Can AI be Used to Create Hollywood Movies?
With large-scale global films raking in billions (Avengers Endgame made 2.796 billion USD) at the box office, anyone with the means would try the same. But with the costs of production for blockbuster films (Avengers Endgame budget 356 million USD), only the most profitable of companies can afford to produce such monumental successes. But what if more people with creative ideas had the means to produce Hollywood movies at a percentage of the cost? Through the power of Artificial Intelligence, and a mix of other technologies and techniques, we may just be on the verge of a technological revolution unlike any other to date.
How could AI influence the quality of a scene?

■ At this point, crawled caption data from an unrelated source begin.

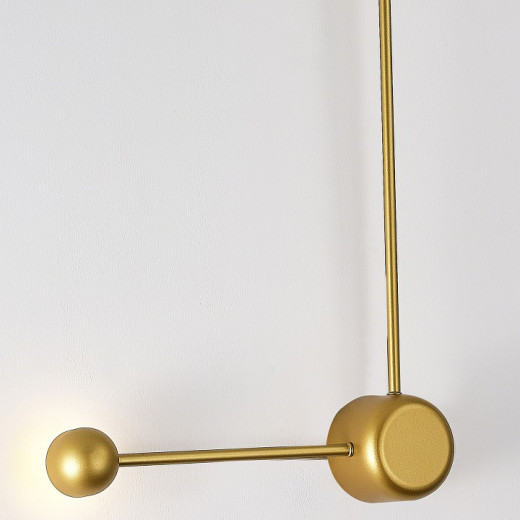 Накладной светильник Moderli Provo V10520-WL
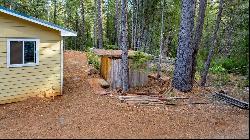 Skeeter Hollow Road, Nevada City CA 95959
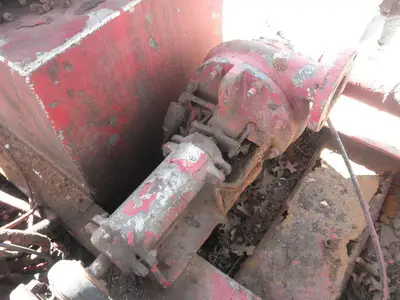 USED MISSION 3X4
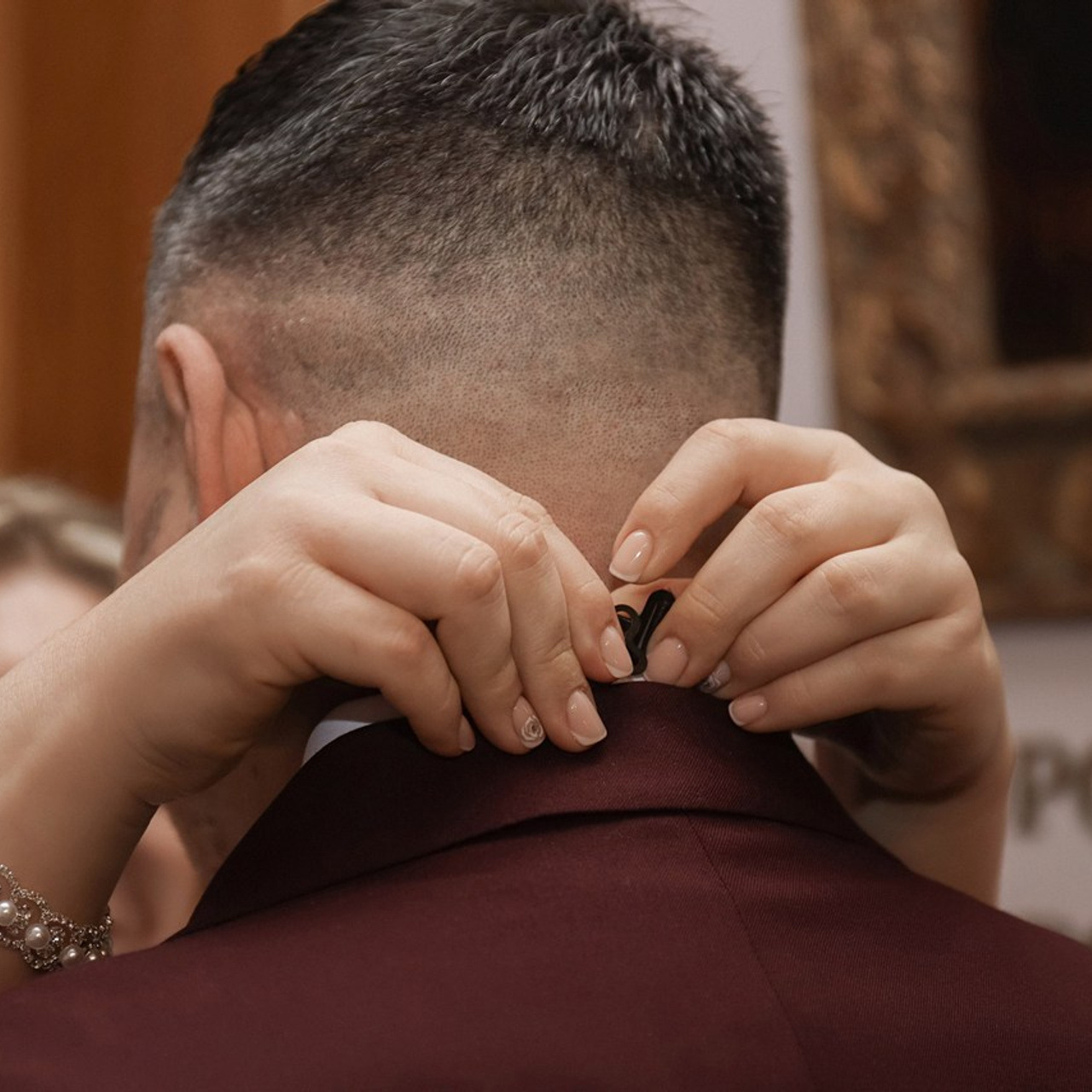 Отзывы. Алина Малышева, свадебный и семейный фотограф Москва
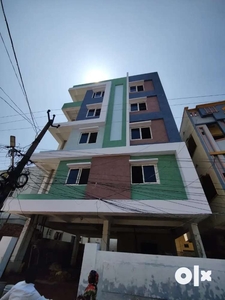 1550sft East facing 3bhk Flat for sale at Jyoti Nagar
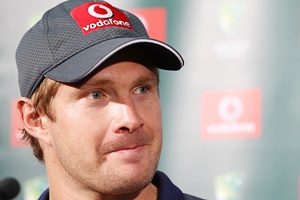 Shane Watson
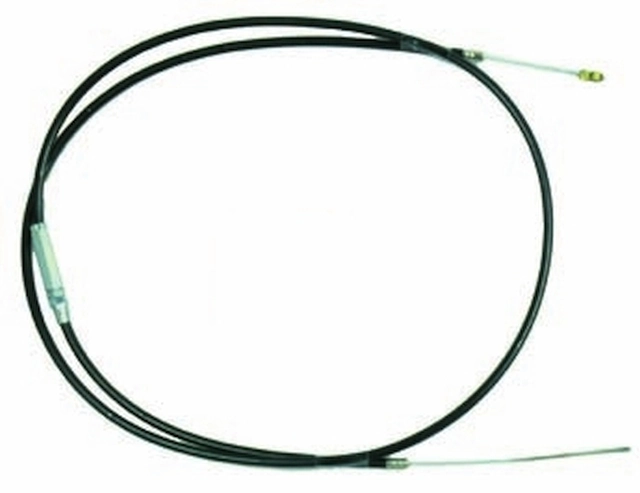(image for) Cable, throttle, universal, inline adjuster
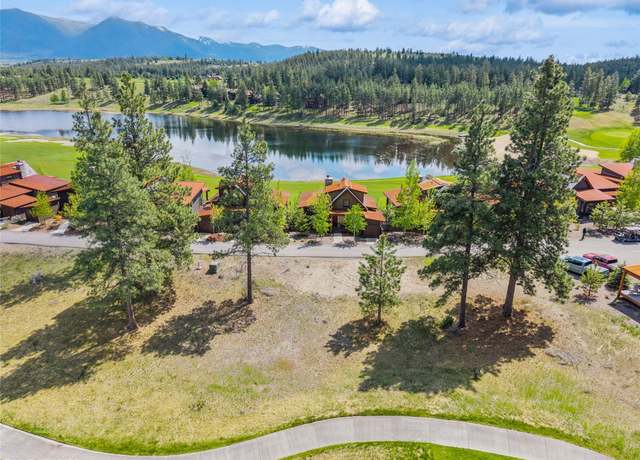 Property at 53 Cottage Lake Ln, Eureka, MT 59917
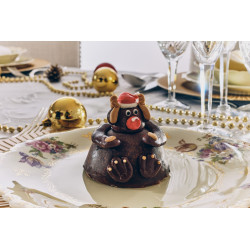 Petits Personnages de Noël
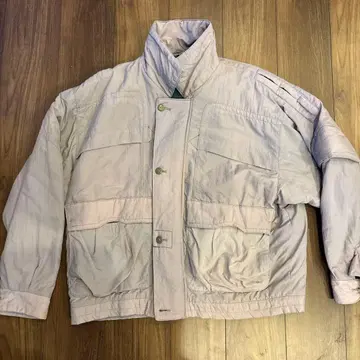 유로 구제 의류 90s 블루종 점퍼 블루종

Production time on large-scale moves varies, and the level of detail varies due to scene priority, film priority, last-minute changes, and many other factors. Time is the main factor in the difference between stunning 4k digital images that look like filmed scenes (James Cameron’s Avatar) and things that don’t look all that great, like the fight scene in Marvel’s Black Panther where the protagonist and antagonist careen into a mine near the end of the film. An AI would be able to compile complex images much faster than any of our most talented artists.
But how would it work? And do we have the technology to make it happen?
This article attempts to answer those questions by discussing some of the technology we currently have and how it can be used to build a Hollywood AI.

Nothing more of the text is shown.